[Development] HEADS-UP: QStringLiteral

Thu Aug 22 14:31:44 CEST 2019

On 21 Aug 2019, at 17:55, Thiago Macieira <thiago.macieira at intel.com> wrote:
>> That's why we are not removing QLatin1String: the Latin1 algorithm is
>> as fast as memcpy. The only thing better than that is zero copies.

Lars Knoll (22 August 2019 13:42) replied:
> We could also turn this around: Are we over-optimising here? Do we
> have the right balance between ease of use and performance? Converting
> utf8 is a bit more costly than latin1, but would that ever matter in
> real world use cases?

I guess that's a matter of how much of a performance penalty you're
willing to pay.

If you look at qtbase/src/corelib/codecs/qutfcodec.cpp you'll see it's
all very non-trivial - and makes heavy use of functions that are heavily
optimised to exploit particular instruction sets to squeeze all the
boosts they can into the performance.  It's highly complex and I won't
pretend to understand it.  That's the UTF8 path Thiago is talking about.
There is no short-cut, although I do wonder why there isn't a "search
for the first byte whose top bit is set", which might equip us with one.

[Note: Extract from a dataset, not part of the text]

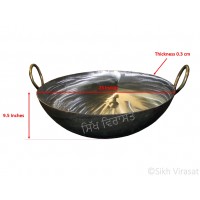 Karahi Or Kadai or Kadahi (Punjabi: ਕੜਾਹੀ) Frying Pan Iron (Punjabi: Sarabloh) Round Base - weight 13 kg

The QLatin1String path is essentially qt_from_latin1() in qstring.cpp;
50 lines of code, vs several hundred; it does have some fancy
optimisations to exploit special CPU instructions; but one of its #if
paths really is just

    while (size--)
        *dst++ = (uchar)*str++;

i.e., as Thiago said, essentially (except for *dst being bigger than
*str) memcpy().  The other code paths are ways to optimise that.

The latter is obviously way cheaper than the former.  Is that a price
you're willing to pay, throughout all our library code, for ease of
writing library code ?

	Eddy.